Ketiga, para pelaku kekerasan, terutama para pemimpinnya, memperoleh keuntungan dari aksi-aksi yang mereka lakukan. Karena tak tersentuh hukum, para pelaku kekerasan itu semakin kuat secara sosial, ekonomi, dan politik. Organisasi mereka makin ditakuti dan berdaya tawar tinggi. Beberapa pejabat pemerintah, misalnya, kerap kali menghadiri acara-acara yang diselenggarakan oleh FPI. Dan bukan rahasia lagi jika ormas ini mendapat dukungan finansial dari makin banyaknya jasa parkir dan keamanan yang mereka kuasai.
Pemolisian demokratis
Celaka besar bagi bangsa ini bila benar negara bertekuk lutut pada kuasa ormas radikal. Pembiaran, dengan alasan kalah jumlah atau menghindari konflik yang lebih besar, membuktikan bahwa negara kalah menghadapi aksi kekerasan ormas. Mengikuti kehendak ormas, seperti membubarkan diskusi buku Irshad Manji di Salihara beberapa waktu lalu, hanya menjustifikasi adanya persekongkolan jahat oknum aparat dengan ormas radikal. Kriminalisasi korban, seperti dalam kasus Ustad Tajul Muluk, tokoh Syiah di Sampang, Madura, adalah pengkhianatan terhadap tugas polisi sebagai penegak hukum dan pelindung masyarakat.
Meski demikian, menghadapi maraknya kekerasan ormas ini, polisi harus tetap menjadi tumpuan harapan bagi tegaknya hukum dan keamanan. Sebab, merekalah satu-satunya institusi negara yang diberi wewenang menjaga keamanan dan ketertiban. Tapi harapan itu hanya mungkin terwujud jika polisi bersedia mereformasi dan mendemokratisasi dirinya, setidaknya dalam dua hal.
Yang paling utama adalah memperkenalkan dan melembagakan praktek pemolisian demokratik di tubuh institusinya. Lima prinsip yang mendasari praktek ini, menurut Nathan W. Pino (2006), adalah rule of law, legitimasi, transparansi, akuntabilitas, dan tunduk pada otoritas sipil.
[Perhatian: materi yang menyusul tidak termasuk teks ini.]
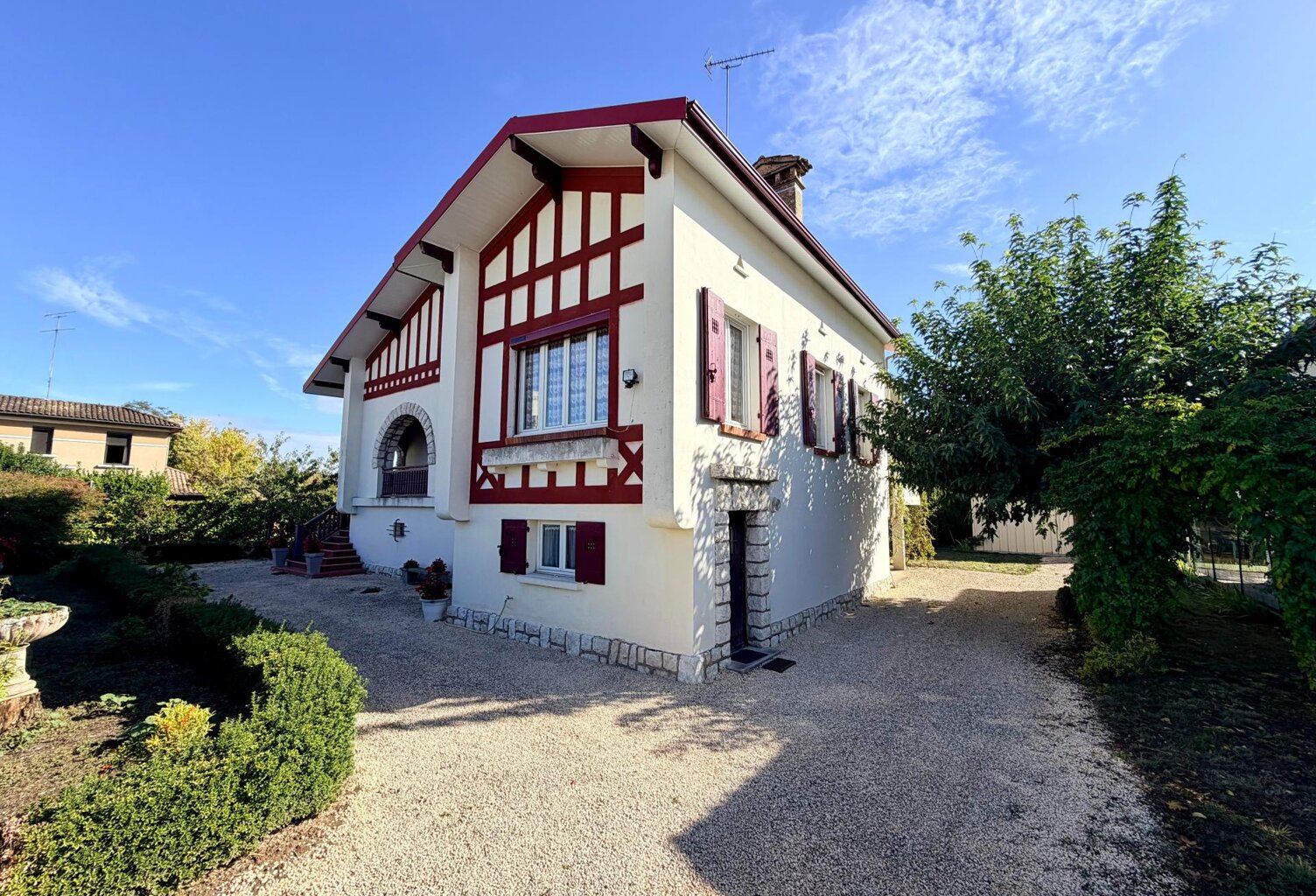 Maison 9 pièces style basque avec garage — photo 1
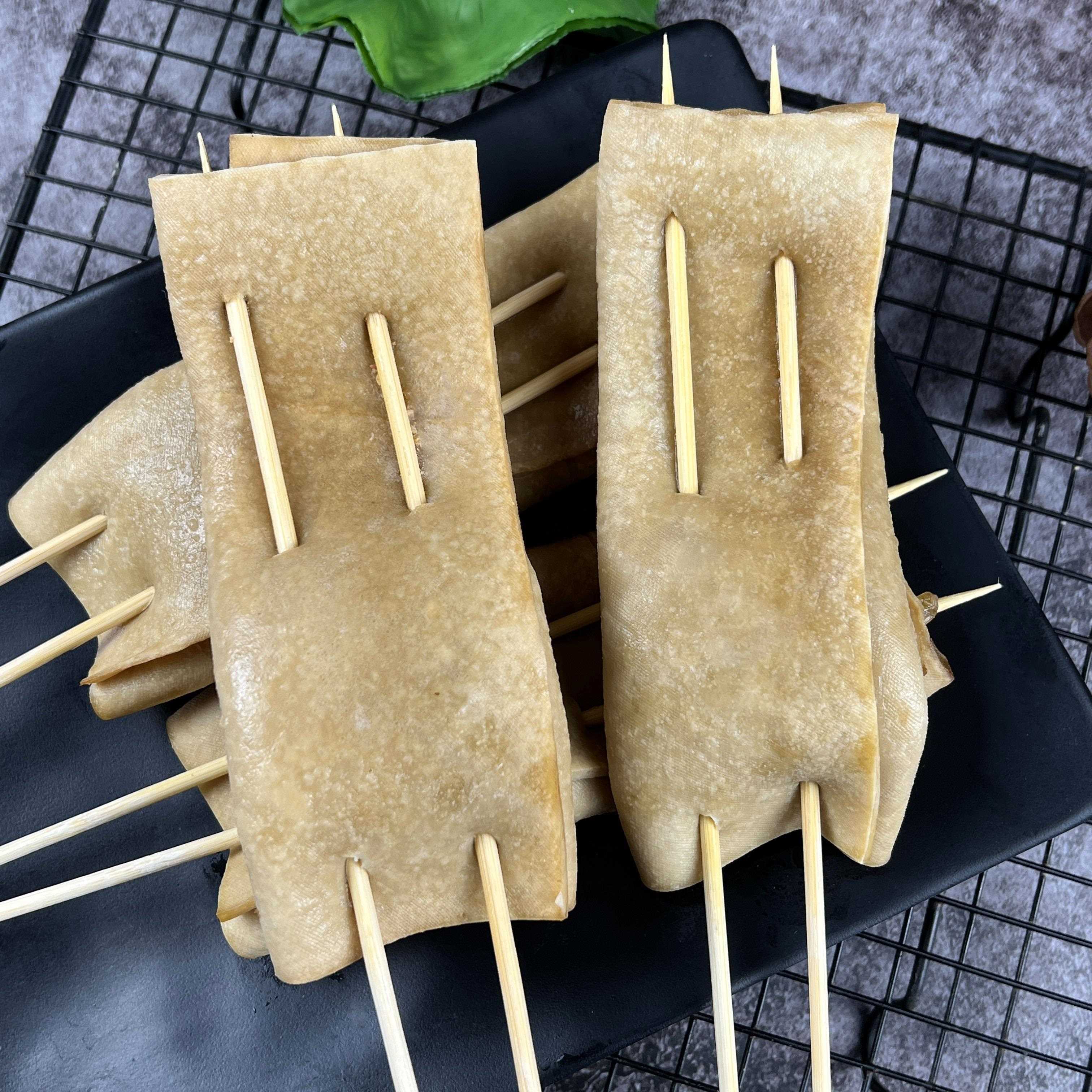 新品烧烤酱心豆干串重庆苕皮包心豆干肉末馅苕皮串油炸豆腐皮半成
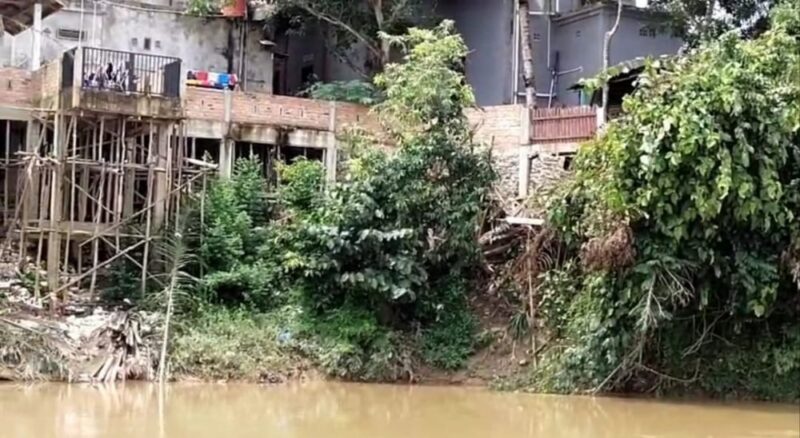 Salah satu bangunan di sungai Batanghari di kec Tebo Ilir.(poto: jambiprima.com).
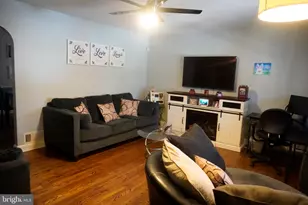 318 W 39th St, Wilmington, DE 19802 - Photo 2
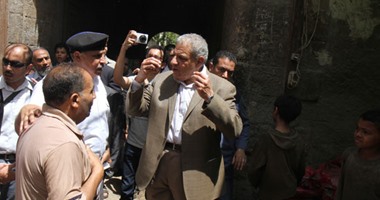 محلب يتفقد الأوضاع بحى وسط القاهرة ويوجه بإقالة رئيس الحى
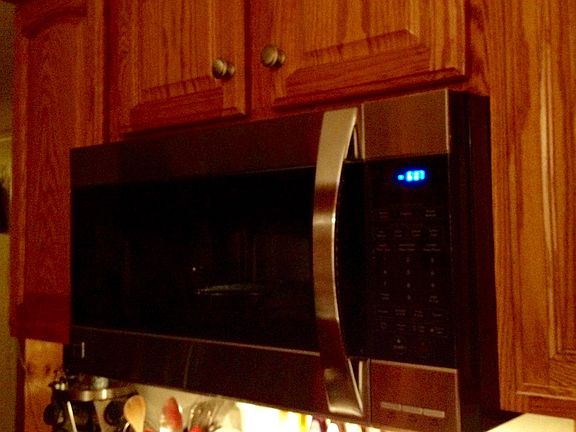 New micro/convection oven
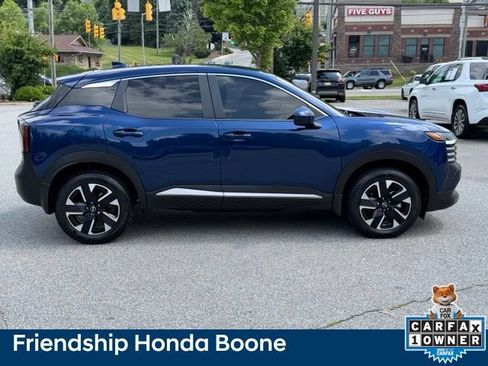 Used 2025 Nissan Kicks SV AWD/4WD image 4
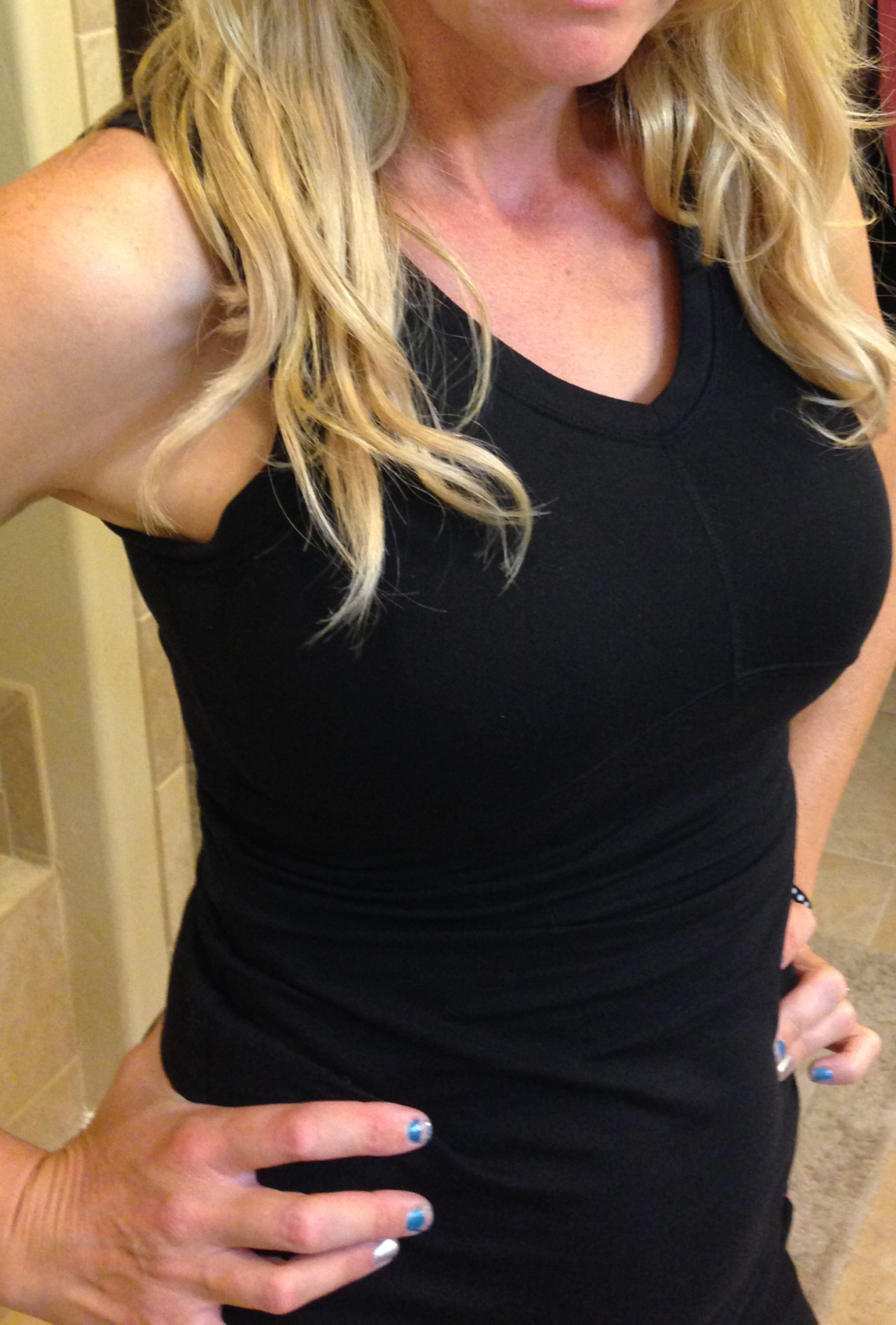 naughtymormonmilf:  Who’s heading to the gym with me this morning?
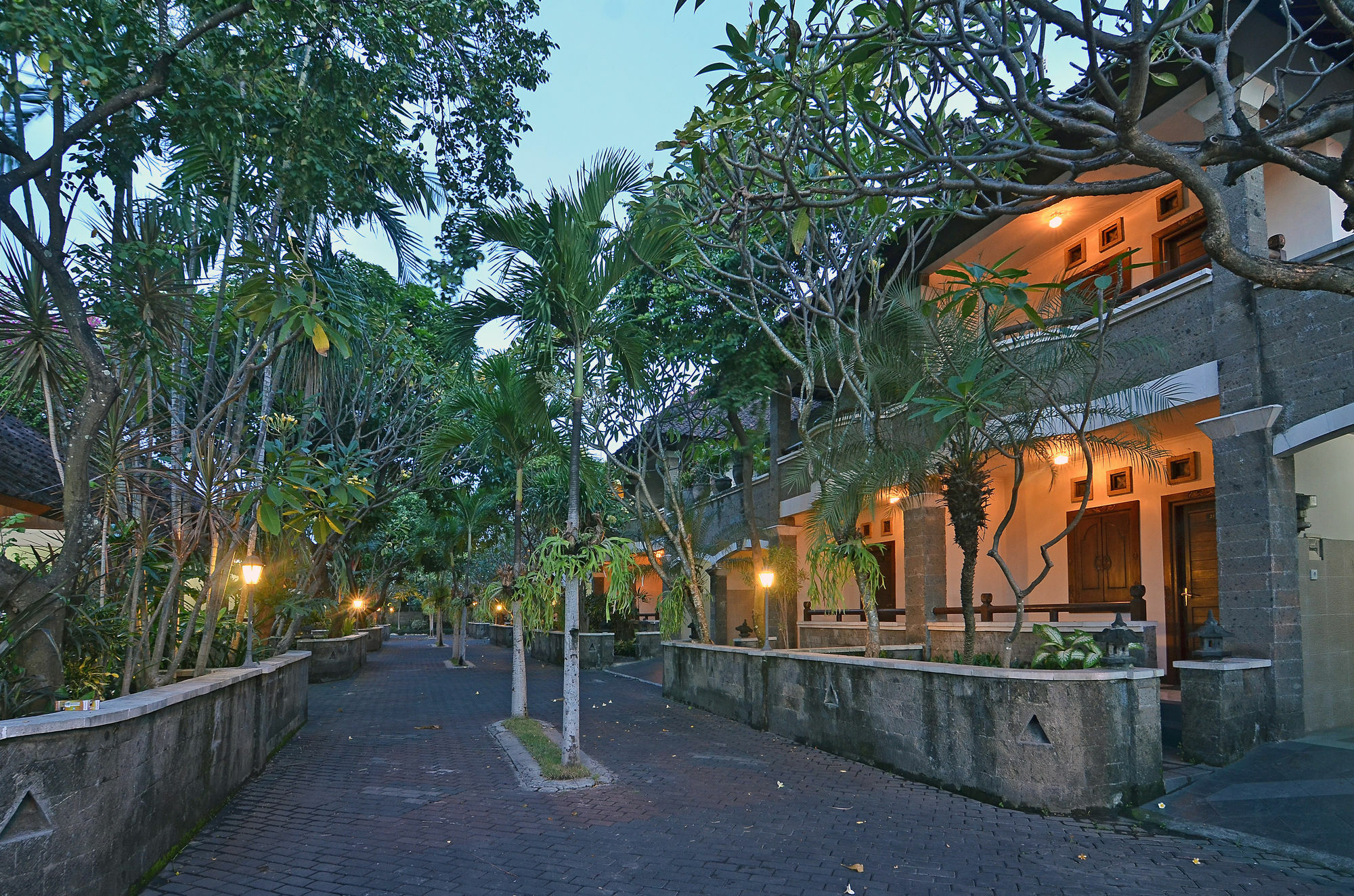 Taman Ayu 212 Hotel Denpasar  Ngoại thất bức ảnh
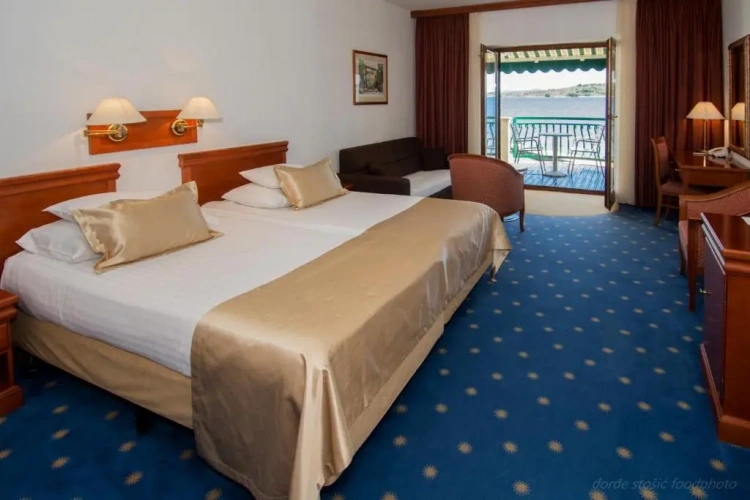 Deluxe Double room with balcony and with sea view
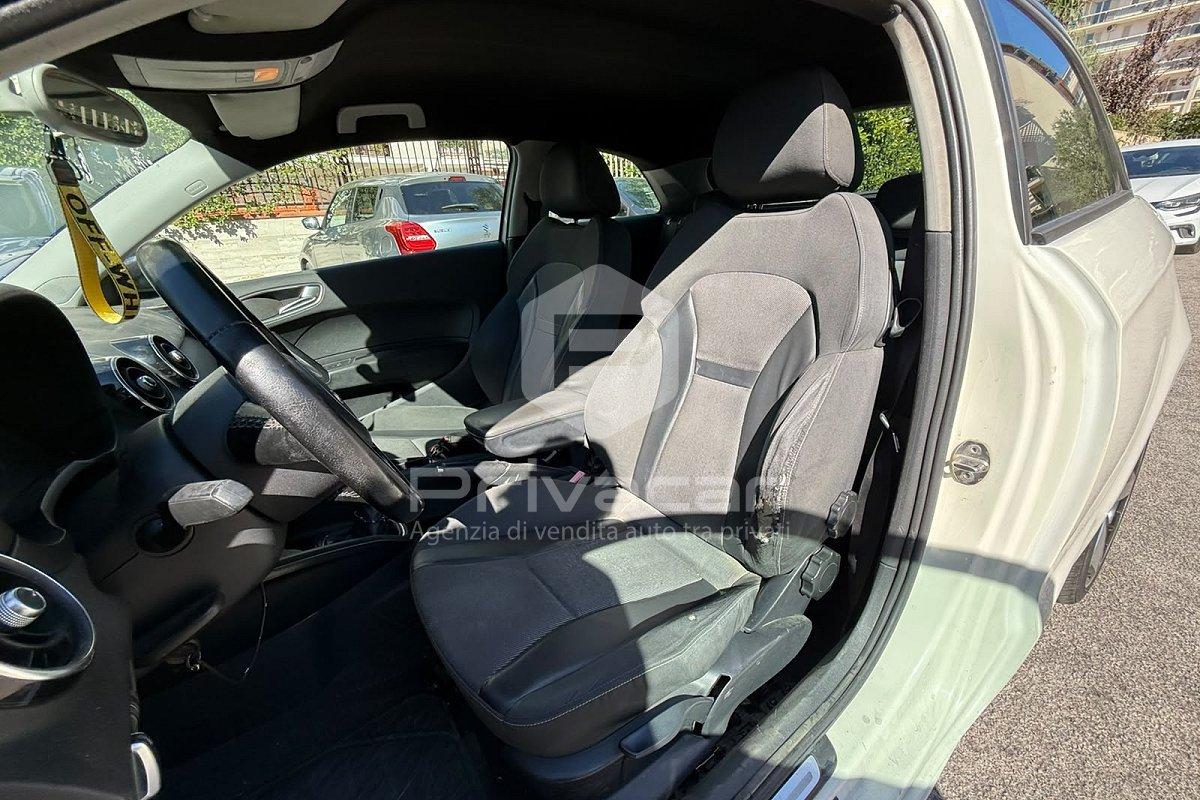 AUDI A1 1.6 TDI 105 CV Ambition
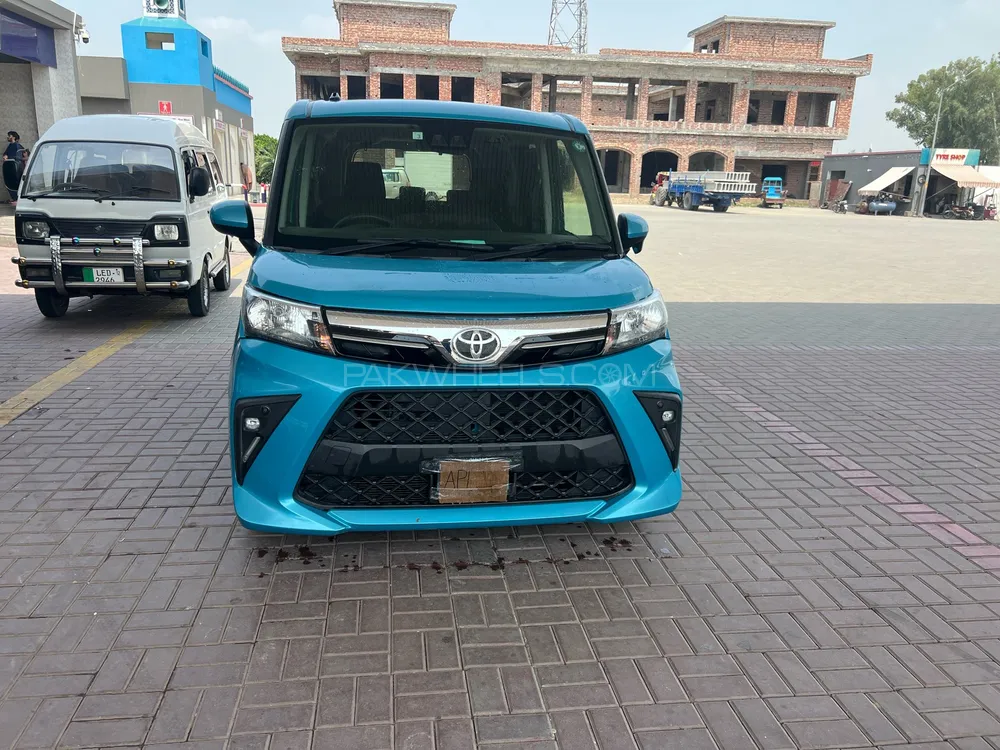 Toyota Roomy 2023 for Sale in Lahore Image-1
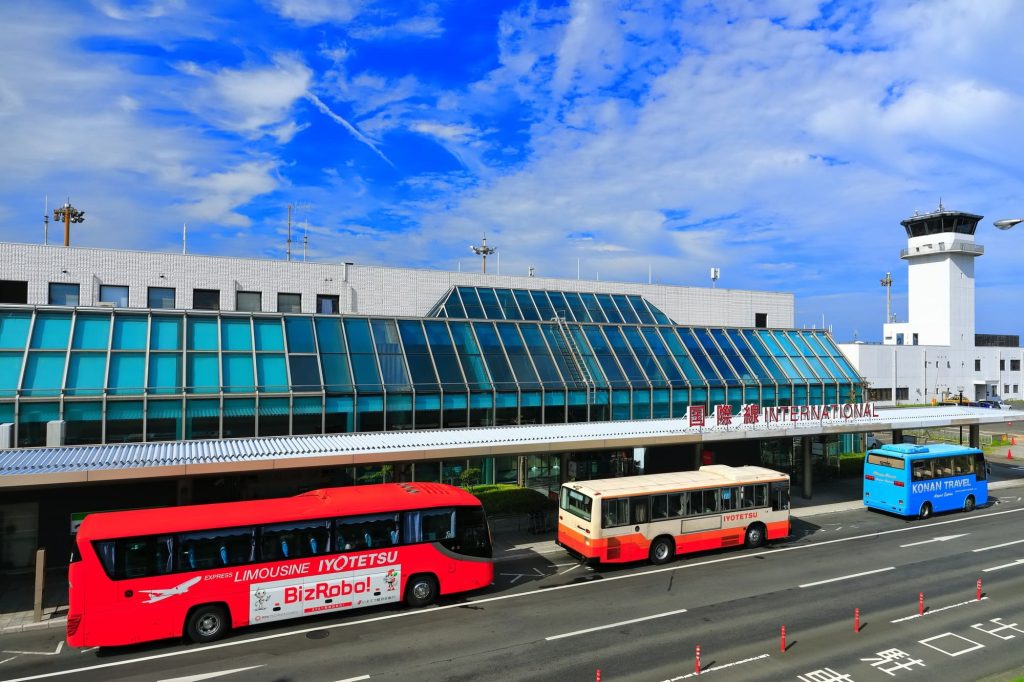 松山空港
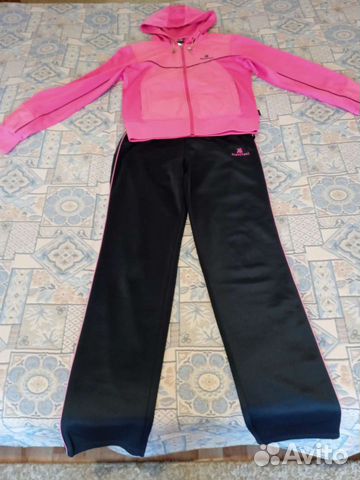 Костюм спортивный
Demokratisasi terasa timpang karena institusi kepolisian tak juga melakukan langkah-langkah strategis menuju pemolisian demokratis.
Contohnya, sikap polisi terhadap kasus-kasus kebebasan beragama masih condong pada kepentingan kelompok yang mengancam keselamatan dan kebebasan kaum minoritas ketimbang melindungi mereka. Padahal semestinya polisi menjunjung tinggi rule of law, menjaga hak-hak individu yang dijamin konstitusi, bukan malah berpihak pada kelompok tertentu. Ormas radikal, perusuh, atau provokator akan mati kutu jika polisi menerapkan pemolisian demokratik ini.
Berikutnya adalah memperkuat pendidikan kepolisian dengan materi bina damai. Harus diakui polisi lebih terlatih menggunakan senjata ketimbang menggunakan cara-cara pasif dalam menyelesaikan konflik di masyarakat. Karena itu, melatih kemampuan memediasi bentrokan sosial secara damai dan menginstitusionalisasi pendidikan bina damai di tubuh kepolisian selayaknya menjadi salah satu fokus reformasi kepolisian.
Masyarakat sangat berharap aparat negara bergigi, dengan tampil tegas dan demokratis, dalam menghadapi aksi kekerasan kelompok-kelompok yang disebut oleh Buya Syafi'i Ma'arif sebagai preman berjubah agama itu. Dengan demikian, kita bisa yakin bahwa Indonesia bukan negeri para bandit, dengan sekelompok orang yang bisa bebas berkeliaran menebar ancaman dan kekerasan sambil meneriakkan nama Tuhan.